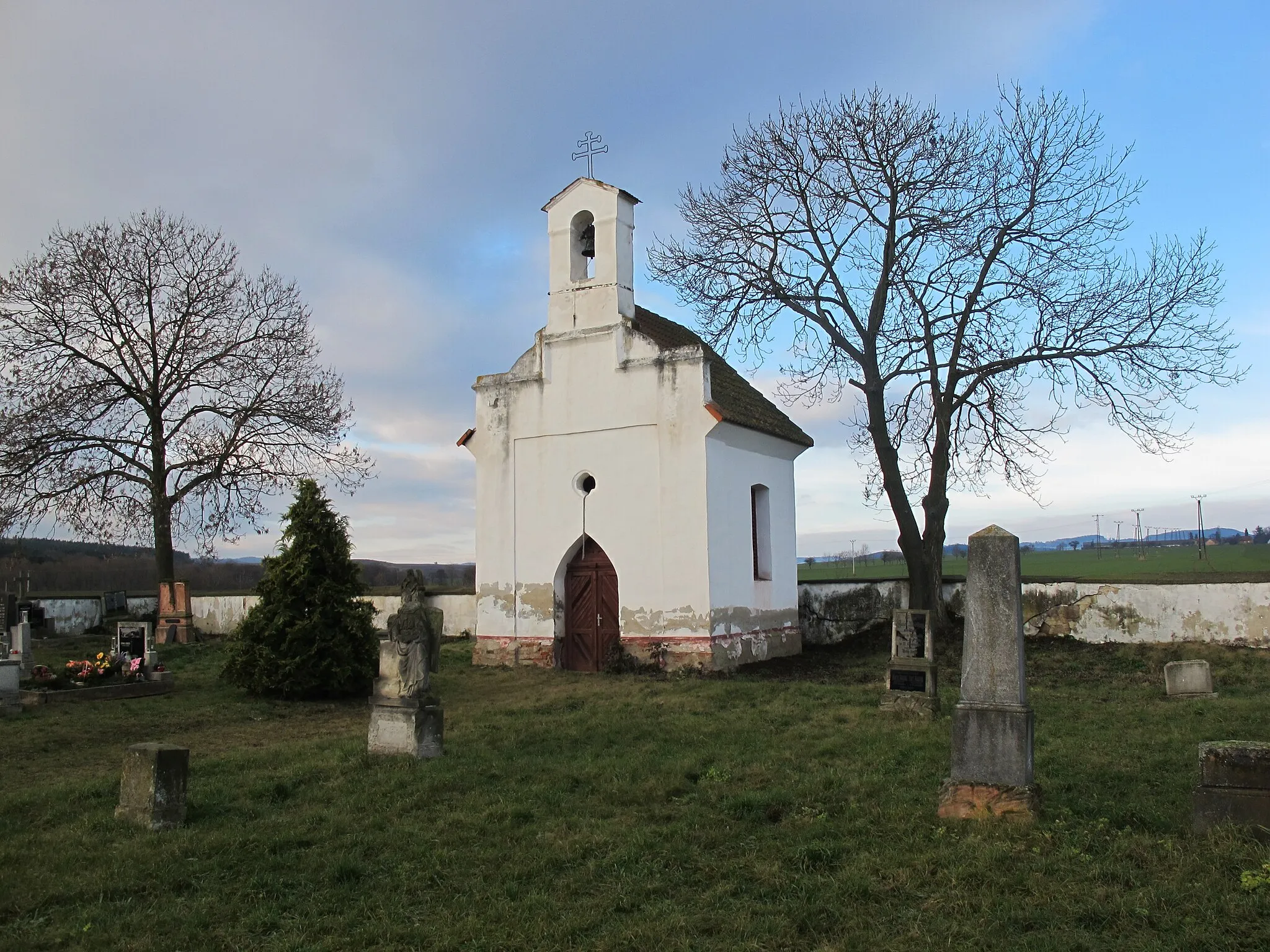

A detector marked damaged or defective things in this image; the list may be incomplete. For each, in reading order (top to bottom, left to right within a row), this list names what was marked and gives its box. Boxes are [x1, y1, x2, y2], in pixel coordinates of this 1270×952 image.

peeling plaster wall [797, 578, 1270, 654]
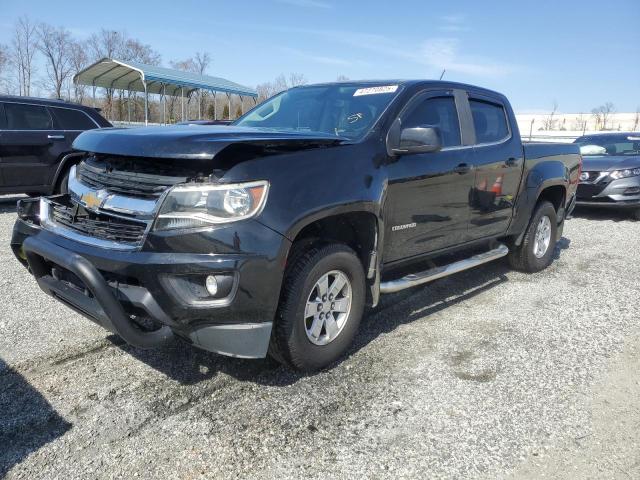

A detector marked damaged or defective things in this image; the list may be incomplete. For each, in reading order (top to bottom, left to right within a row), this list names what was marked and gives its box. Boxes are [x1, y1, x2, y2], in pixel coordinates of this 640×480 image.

damaged hood [72, 124, 348, 160]
crumpled hood [74, 124, 350, 160]
broken front grille [76, 155, 195, 198]
crumpled hood [584, 155, 640, 172]
broken front grille [50, 200, 148, 246]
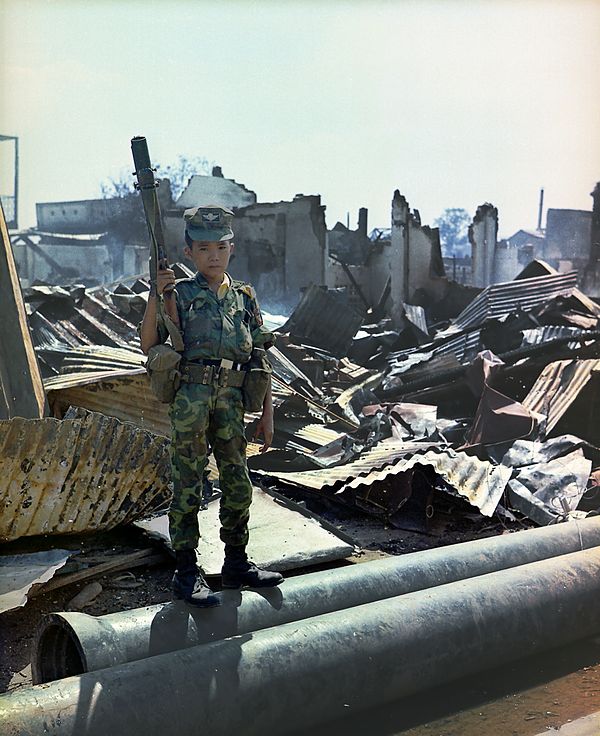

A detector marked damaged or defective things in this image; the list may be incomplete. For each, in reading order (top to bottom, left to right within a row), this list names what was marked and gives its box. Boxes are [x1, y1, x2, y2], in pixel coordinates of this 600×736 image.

rusted metal sheet [45, 374, 169, 436]
rusted metal sheet [520, 358, 600, 434]
rusted metal sheet [0, 406, 170, 544]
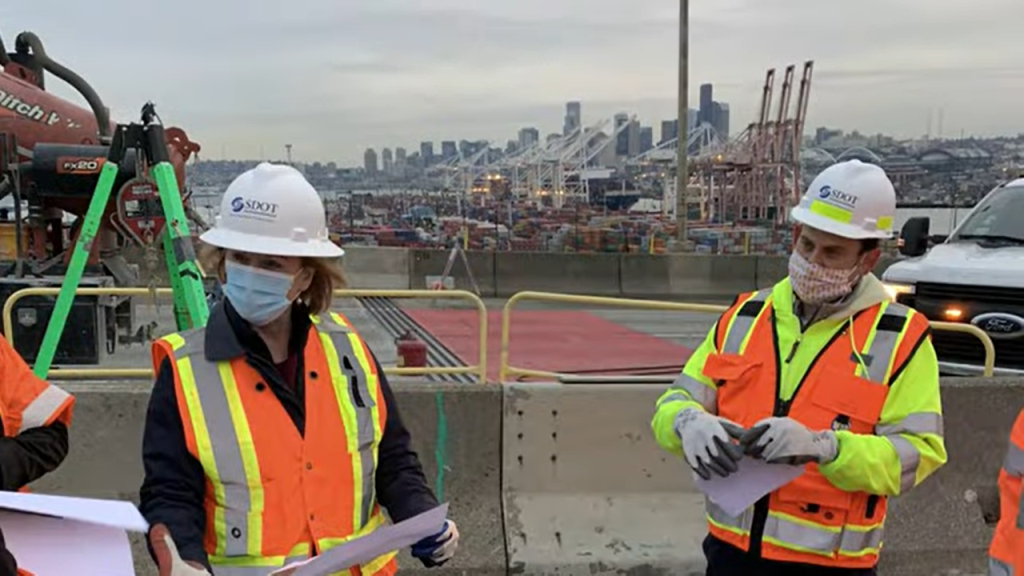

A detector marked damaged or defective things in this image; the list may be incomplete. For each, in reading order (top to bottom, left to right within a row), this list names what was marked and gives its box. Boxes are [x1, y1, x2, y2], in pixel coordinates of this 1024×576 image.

red pavement patch [403, 307, 692, 383]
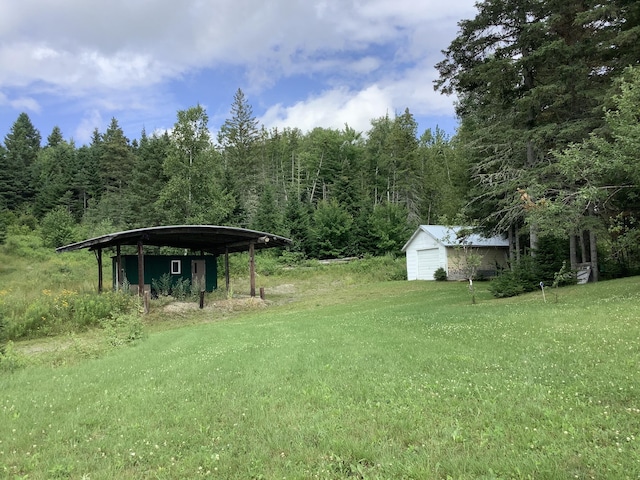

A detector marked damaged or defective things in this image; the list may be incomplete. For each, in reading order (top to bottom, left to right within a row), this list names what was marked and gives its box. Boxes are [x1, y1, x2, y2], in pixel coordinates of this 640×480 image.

rusty metal roof [56, 225, 294, 255]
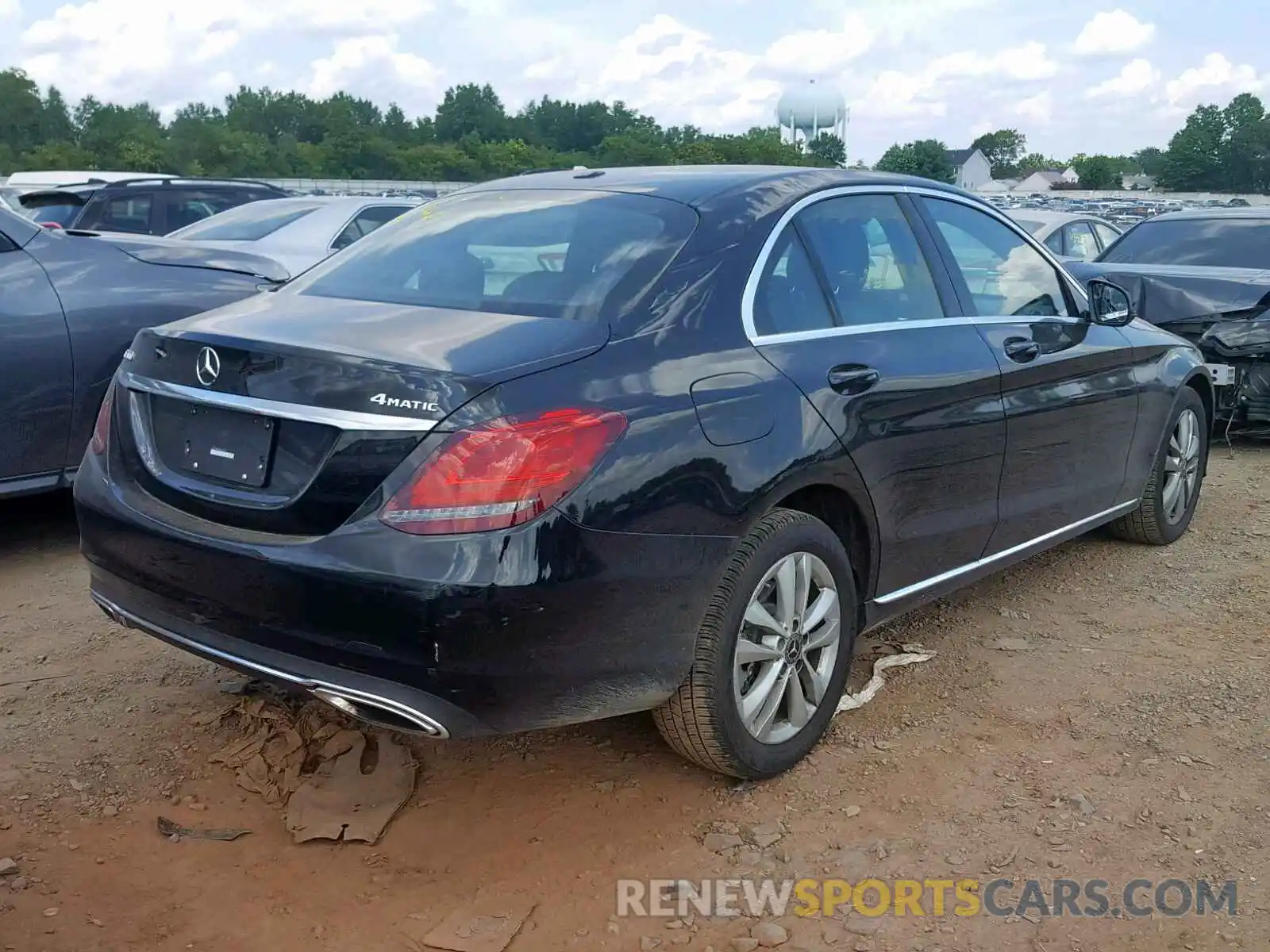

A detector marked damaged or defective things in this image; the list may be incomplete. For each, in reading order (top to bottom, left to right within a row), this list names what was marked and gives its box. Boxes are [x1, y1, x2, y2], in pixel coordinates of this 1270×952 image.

wrecked black car [1073, 208, 1270, 435]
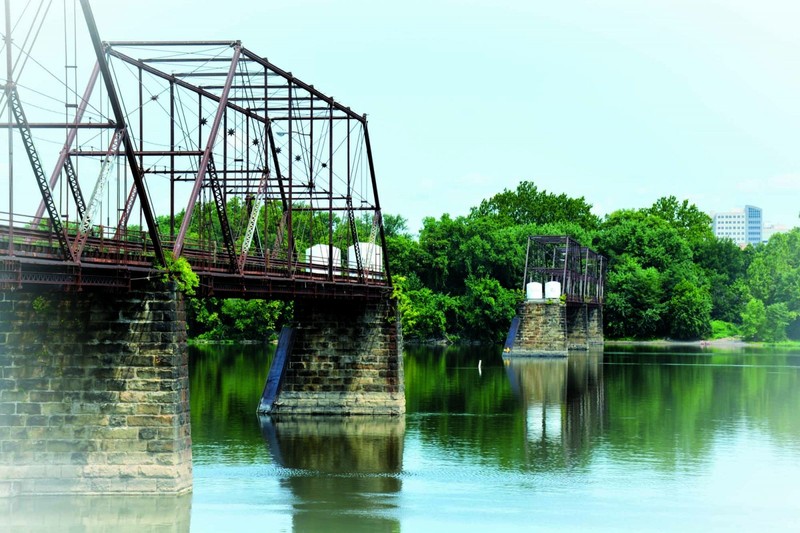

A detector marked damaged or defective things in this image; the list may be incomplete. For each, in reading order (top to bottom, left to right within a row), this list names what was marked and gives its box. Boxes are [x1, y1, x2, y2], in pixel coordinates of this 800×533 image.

rusty iron truss [0, 1, 390, 300]
rusty iron truss [520, 236, 608, 306]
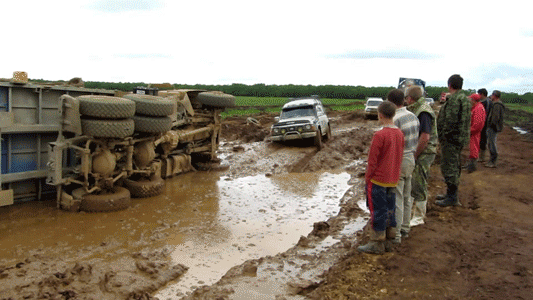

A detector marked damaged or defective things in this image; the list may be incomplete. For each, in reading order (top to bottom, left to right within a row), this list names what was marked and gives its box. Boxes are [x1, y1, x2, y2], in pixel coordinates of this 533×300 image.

overturned truck [46, 88, 235, 211]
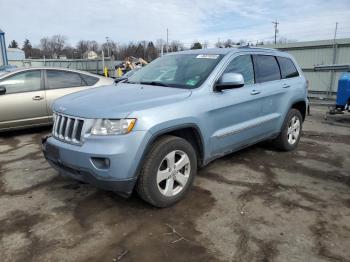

§ Your task
Quote the records in full and exactly; skip any image.

§ Exercise answer
A detector marked damaged or defective things in this image; the list may be incomplete. For each, in reading order (top to bottom, left to right within a row), this list names what was marked and gives its box. Boxes are [x1, y1, x2, y2], in pixel coordinates of this 1270×952 image.

peeling plaster wall [797, 578, 1270, 654]

A detector marked damaged or defective things in this image; the list may be incomplete. For each, in reading order (top to bottom, left to right within a row), this list names what was marked and gives its box. Boxes are [x1, y1, x2, y2], in pixel coordinates of this 640×480 image.

damaged hood [72, 124, 348, 160]
crumpled hood [74, 124, 350, 160]
broken front grille [76, 155, 195, 198]
crumpled hood [584, 155, 640, 172]
broken front grille [50, 200, 148, 246]

A detector marked damaged or defective things in this image; the list may be incomplete. For each, in reading order (top to bottom, left to right within a row), this list names what was marked and gives its box. Boxes are [x1, y1, x2, y2], in pixel coordinates of this 600×736 image.

rusted metal sheet [45, 374, 169, 436]
rusted metal sheet [520, 358, 600, 434]
rusted metal sheet [0, 406, 170, 544]

A detector marked damaged or defective things in this image; the list may be incomplete. For each, in reading order (top to bottom, left to right within a row), this list names what was marked and gives its box. Boxes are [x1, y1, x2, y2], in pixel coordinates of this 1024×576 image.

red pavement patch [403, 307, 692, 383]

A detector marked damaged or defective things in this image; the list may be incomplete. For each, in reading order (top to bottom, left to right within a row), this list names what was marked and gives its box. Boxes are [x1, y1, x2, y2], in pixel coordinates of this 640×480 image.

rusty metal roof [56, 225, 294, 255]

A detector marked damaged or defective things in this image; the list may be incomplete. For each, in reading order (top to bottom, left to right within a row), this list names what was marked and gives its box. Boxes are [x1, y1, x2, y2], in pixel coordinates of this 1270×952 image.

wrecked black car [1073, 208, 1270, 435]

A detector marked damaged or defective things in this image; the list may be incomplete. For each, in reading order (top to bottom, left to right within a row), this list names what was marked and gives its box. Boxes are [x1, y1, x2, y2], in pixel coordinates of this 800×533 image.

rusty iron truss [0, 1, 390, 300]
rusty iron truss [520, 236, 608, 306]

A detector marked damaged or defective things in this image; the list may be incomplete. For each, in reading order (top to bottom, left to right within a row), this list names what was marked and gives its box. Boxes are [x1, y1, x2, y2], in pixel coordinates of this 533×300 image.

overturned truck [46, 88, 235, 211]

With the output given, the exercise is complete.